Si, corrige-t-elle, elle a bien tenté à deux reprises, mais les contacts qu’elle a eus avec les psychothérapeutes qu’elle a consultés se sont avérés à ses yeux catastrophiques : elle lisait, dit-elle, dans leur pensée, plus qu’eux dans la sienne. Après quelques séances, elle avait dû renoncer, déçue comme toujours par ceux qui, alors que c’était leur fonction, se montraient incapables à ses yeux de l’aider, de la comprendre, de l’accompagner.
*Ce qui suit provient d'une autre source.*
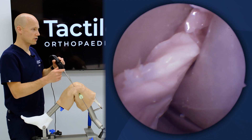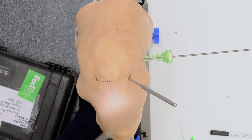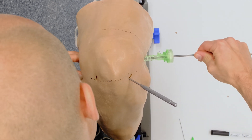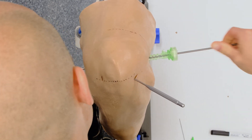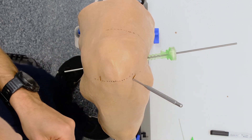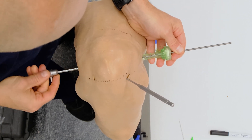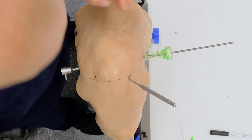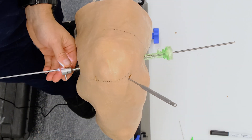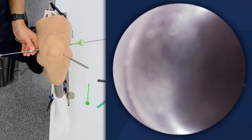Now because the lateral compartment has been locked in, we know the trocar is going to stay posterior. I drive it out inside-out, then take my cannula, advance it into the cannula, and whisk my wire — pushing that out.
Fabienne, enfant, a appris à lire et à calculer seule. Elle a très vite sauté deux classes. Après son baccalauréat et deux années de classe préparatoire, elle intègre une école d’ingénieur prestigieuse, puis un laboratoire de physique non moins prestigieux. Un parcours sans faute, pourrait-on dire. Mais Fabienne ne vit pas vraiment. Elle est seule, sans compagnon, sans enfant.
Elle a bien eu des aventures, des amours mêmes, mais cela n’a jamais pu « coller » dans la durée. Dans l’amitié comme dans l’amour, elle se donne, sans réserve, mais elle attend de l’autre la même chose. Ce qu’elle recherche, l’autre ne le lui donne qu’un temps. Dans la durée, elle se confronte à ce qu’elle appelle « sa solitude », sa compagne de longue date. De toujours même.
Enfant, elle cherchait auprès de ses parents, mais aussi de ses frères et sœurs une sorte de protection et de reconnaissance de sa singularité qui jamais ne venait. On lui achetait bien des livres, toujours à sa demande, mais on la laissait seule, trop seule pour qu’elle puisse véritablement donner du sens aux connaissances auxquelles elle aspirait. Aussi a-t-elle le sentiment d’avoir eu une vie intellectuelle et affective remplie de vides.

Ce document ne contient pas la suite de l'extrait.